Dernier livre acheté à la maison de Colette : je n’ai pas pu résister à l’envie de me plonger dans ce qu’on peut considérer comme l’œuvre parallèle de Colette, souvent oubliée et pourtant essentielle : quasiment toute sa vie, Colette a été journaliste (dès son mariage avec Willy, sans doute, même si elle ne signe pas ses articles), pour une liste de publications longue comme un annuaire (plus d’une centaine), et sur des sujets on ne peut plus éclectiques : la mode et la beauté, les faits divers et les procès, le théâtre, et ce qu’on pourrait appeler « l’air du temps » dans des chroniques au ton très personnel, où elle excelle.

Il ne s’agit bien évidemment pas, dans ce petit volume, de nous livrer l’intégralité de la production journalistique de Colette (plus de 1200 articles au total). Certains articles ont d’ailleurs été publiés dans Les Vrilles de la Vigne.

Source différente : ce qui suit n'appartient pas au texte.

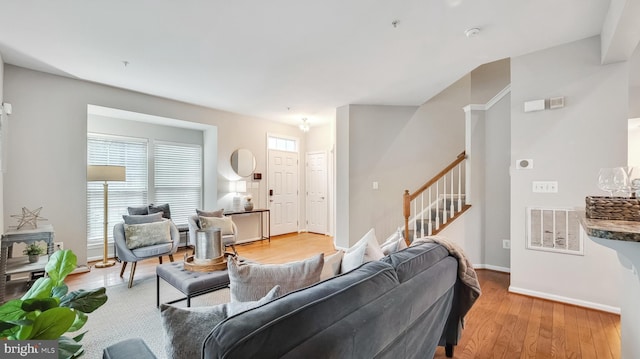 living room with light wood-type flooring, visible vents, baseboards, and stairs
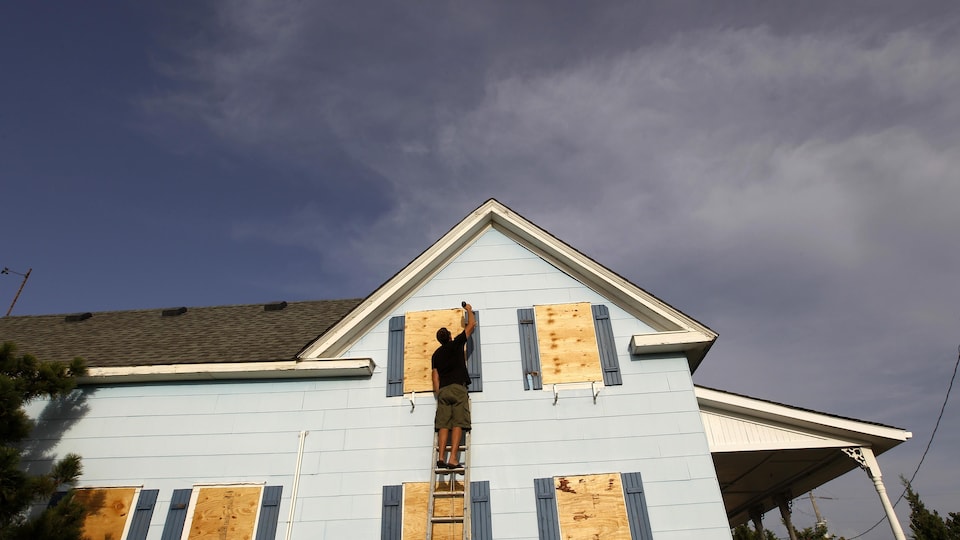 Un résident de Cape Hatteras, en Caroline du Nord, se prépare au passage de l'ouragan Irene, en août 2011, en barricadant les fenêtres de sa maison.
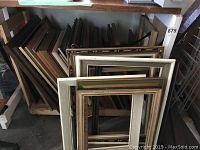 Multiple assorted picture frames stacked and leaning against shelving and walls in storage area. Pictures show frames of various sizes, shapes, and styles with wood, painted, and decorative trims.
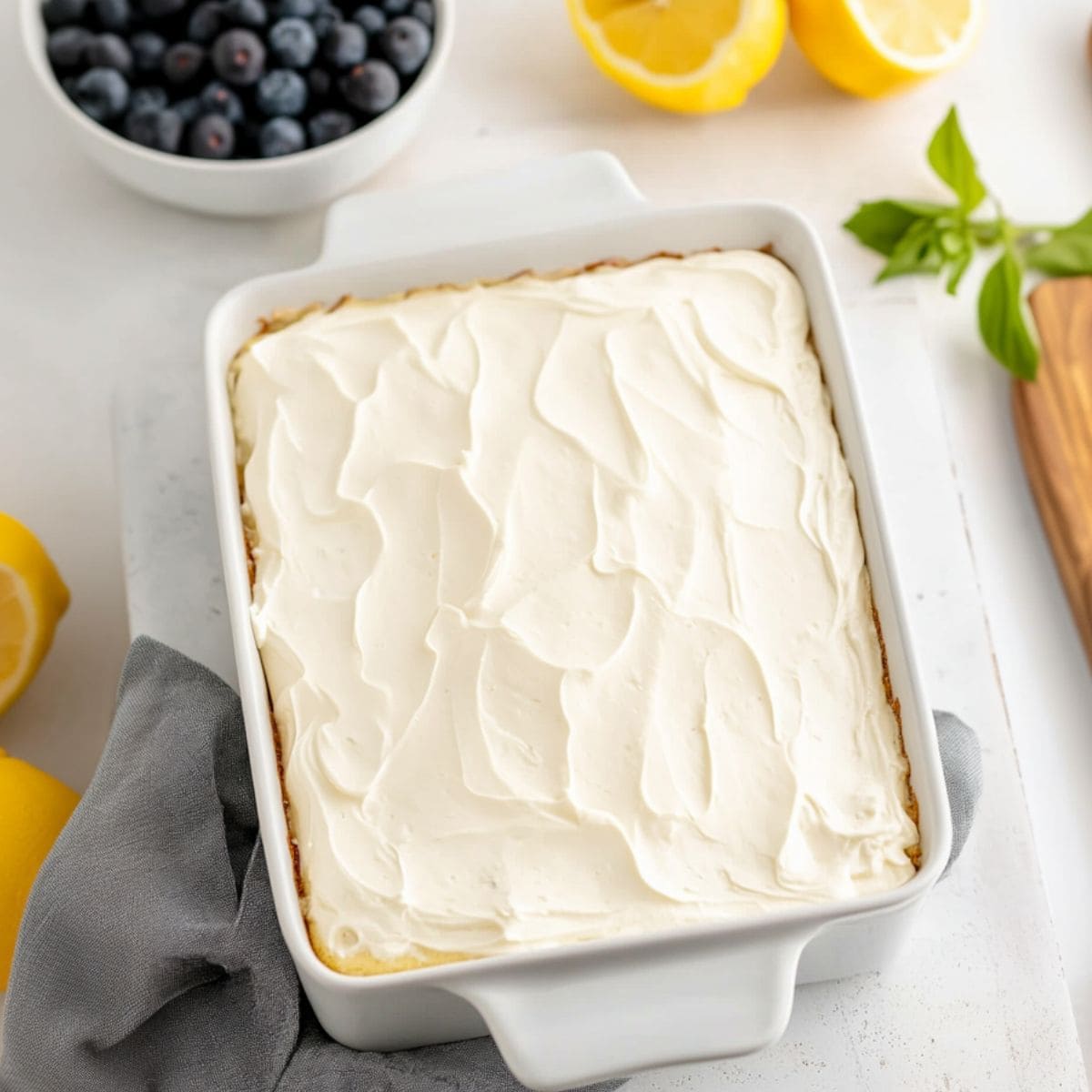 Cream cheese frosting covered lemon cake in a baking dish.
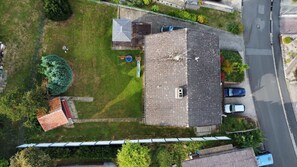 Vista aérea de uma propriedade residencial com telhado inclinado, quintal cercado e rua adjacente.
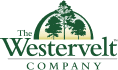 Logo of The Westervelt Company, featuring two green trees inside a green arch above the company name in green and yellow text.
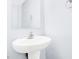Half-bath featuring a sleek pedestal sink and modern fixtures at 3712 Gilmore Creek St, Las Vegas, NV 89129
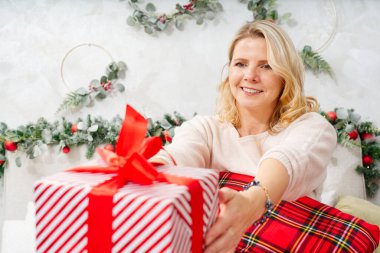 Noel, yeni yıl, tatil konsepti. Mutlu Kadın Noel hediyesi olarak hediye kutusu alıyor. Sana bir sürprizim var. Heyecanlı bir kadın beklenmedik bir Noel süsü alıyor..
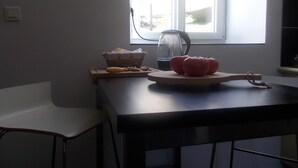 Eine Küche mit einem Holztisch, einem Korb, einem Wasserkocher und Tomaten auf einem Schneidebrett.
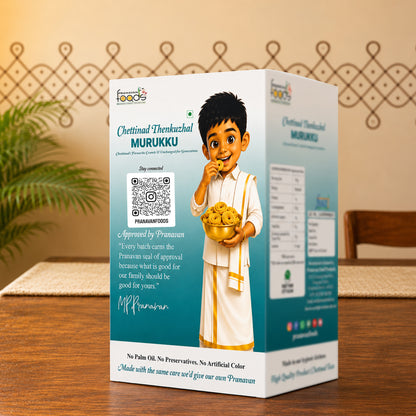 A boxed food product labeled 'Chettinad Thenkazhal Murukku' stands on a wooden table in a real indoor setting with a plant and wall decor visible. The package is predominantly white and teal with printed branding, a QR code, and an illustrated child holding a bowl of golden-brown snacks.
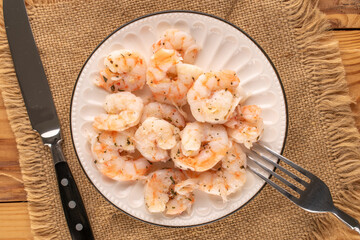 Seafood salad, shrimp with garlic on a ceramic plate with a knife and fork, with a jute napkin on a wooden table, close-up, top view.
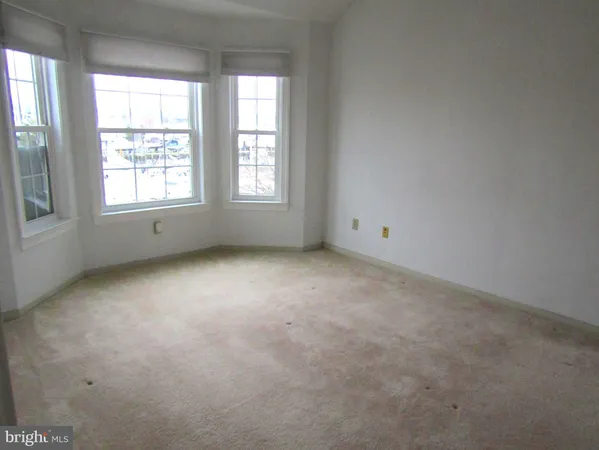 a view of a livingroom with furniture and a window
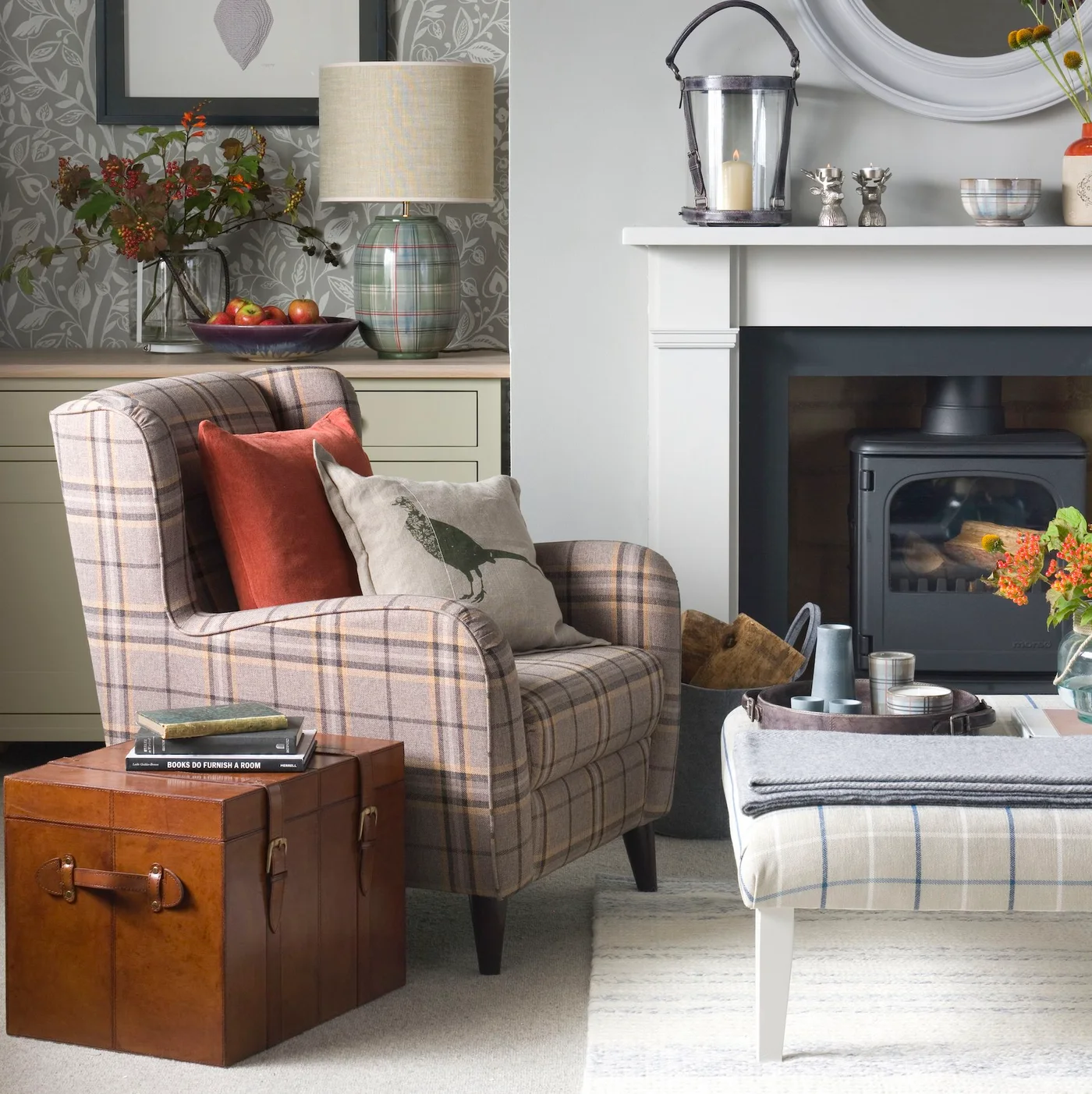 A pale plaid chair sits beside a wooden chest, a dark stove and a pale upholstered footstool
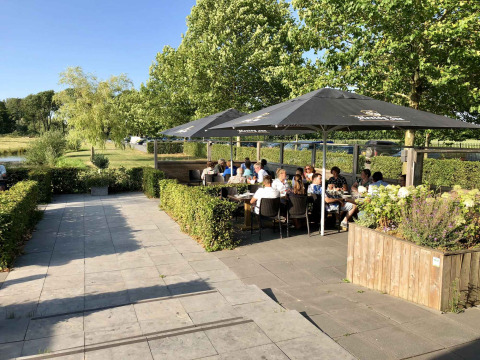 Terraza exterior con gente comiendo bajo sombrillas en Camping Betuwe, un parque vacacional en Gelderland, Países Bajos.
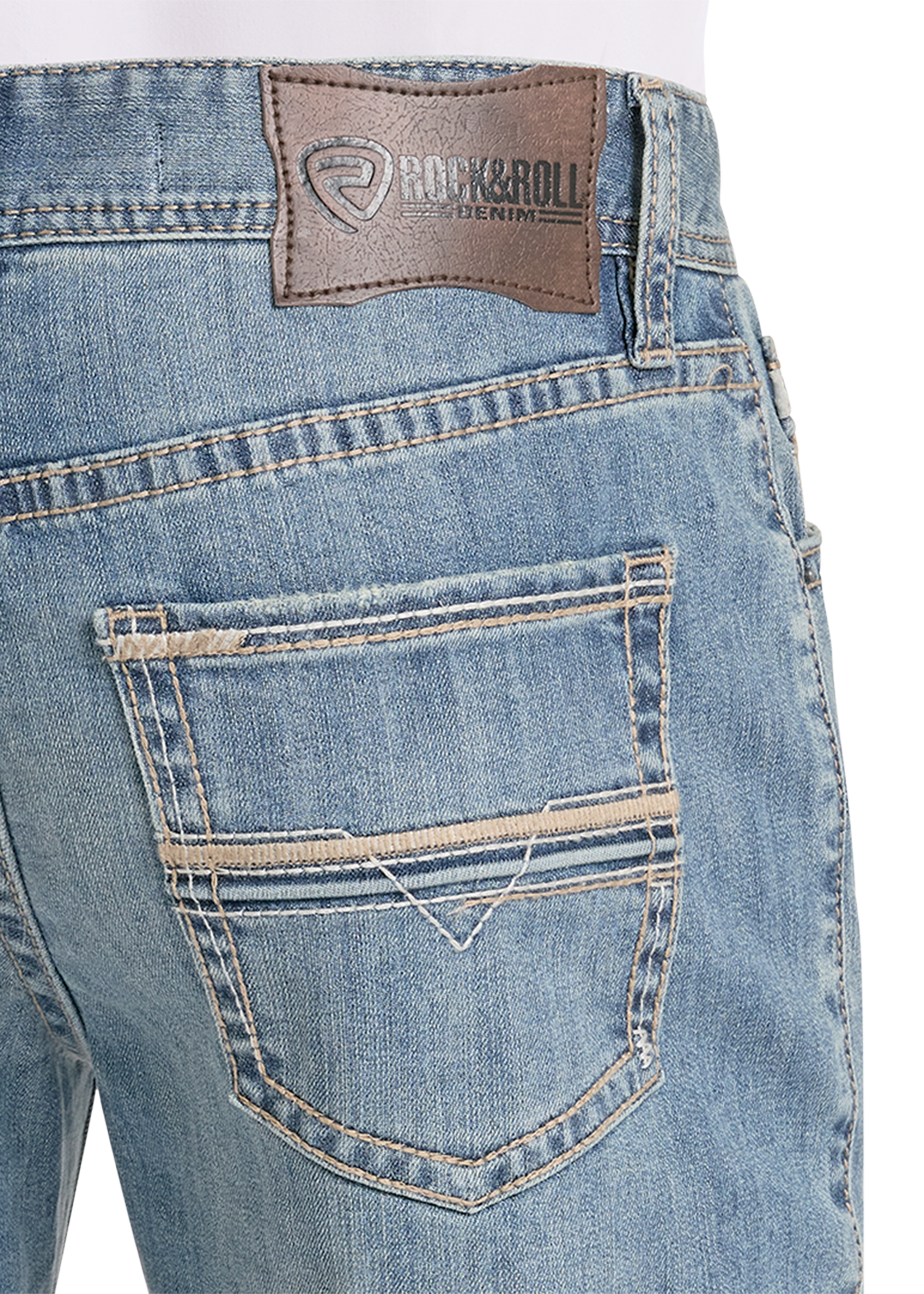Close-up of blue jeans with a brand label on a white background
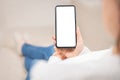 Mockup cellphone. blank white screen smartphone.woman hand holding texting using mobile on sofa at home office.background empty Royalty Free Stock Photo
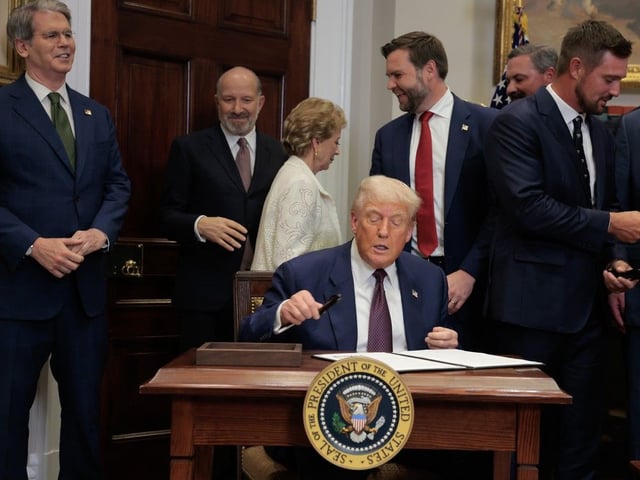 U.S. President Donald Trump signs an executive order in the Roosevelt Room of the White House on July 31, 2025, in Washington, D.C.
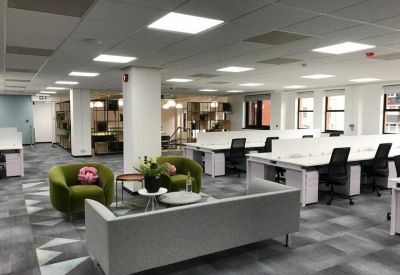 Spacious open-plan office featuring rows of white desks and green velvet armchairs.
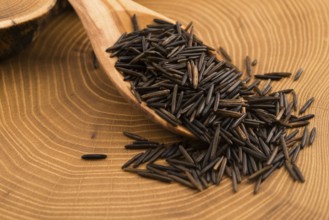 Wild rice on wooden spooon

Non, il s’agit plus simplement d’une sélection de chroniques et de reportages publiés entre 1893 et 1955 (Colette était décédée à cette date, il s’agit d’un ancien d’article repris). Un échantillon, en somme.

En refermant ce volume, je me suis fait cette réflexion que, sans aucun doute, si elle avait vécu à notre époque, Colette aurait eu un blog, tant elle semble s’épanouir dans la forme courte et incisive (et c’est là aussi que je la préfère, je crois), dans laquelle elle adopte un point de vue personnel et livre son regard sur le monde. Plus chroniqueuse que journaliste, d’ailleurs, elle n’est jamais neutre ni objective, mais elle a cette capacité à faire un sujet de tout et à rendre tout passionnant. Le style est vif, le vocabulaire comme toujours chez elle riche et précis, elle a le sens du détail, et ce volume est une véritable leçon d’écriture.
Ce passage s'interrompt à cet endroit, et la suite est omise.